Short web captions
********

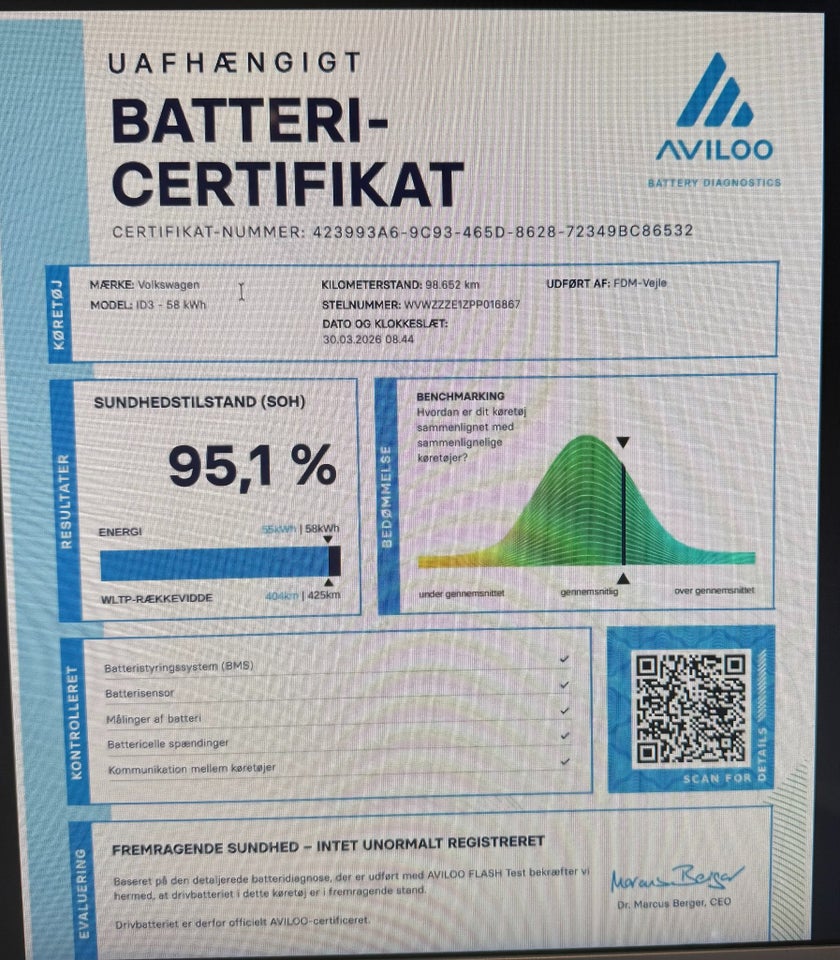 VW ID.3 58 Pro Life 5d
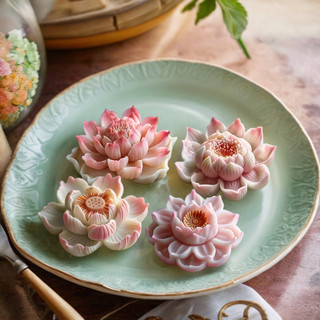 Lotus Mousse Bánh Khuôn Silicon Handmade Hoa Sen Bánh Pudding Khuôn Silicon Thơm Nến Xà Phòng Handmade Khuôn Tự Làm Bánh Trang Trí Khuôn Nướng Bánh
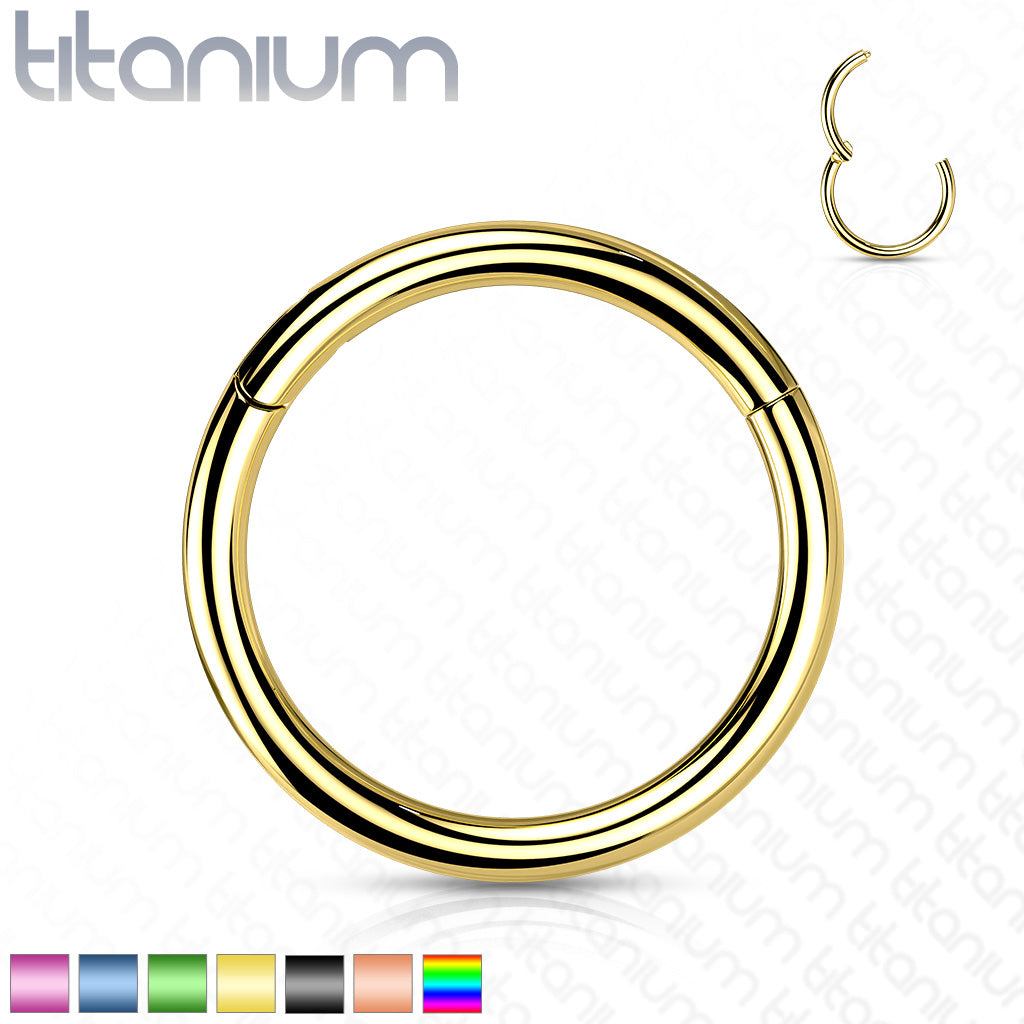 Hinged Ring  | Titanium Clicker Segment Hoop Ring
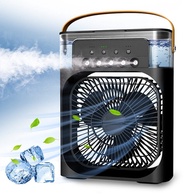 【Fast Delivery In Stock】Air Cooling Fan 6 Inches Air Conditioner Portable Fan Air Cooling 3 In 1 Mini Air Cooler Usb Connection Portable Aircond Humidifier Purifier Mist Cooler With 7 Colors Led Kipas Kipas Air Cooler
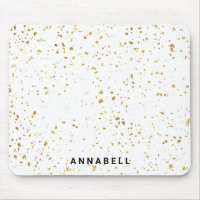 Goldter Spritzer, modern, Salon Mousepad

********

Exercise objective: Retype each line of the data exactly, beginning with the first; include the line containing "Segment Hoop Ring" and stop there, skipping every picture.

Solution for this task:
 VW ID.3 58 Pro Life 5d
 Lotus Mousse Bánh Khuôn Silicon Handmade Hoa Sen Bánh Pudding Khuôn Silicon Thơm Nến Xà Phòng Handmade Khuôn Tự Làm Bánh Trang Trí Khuôn Nướng Bánh
 Hinged Ring  | Titanium Clicker Segment Hoop Ring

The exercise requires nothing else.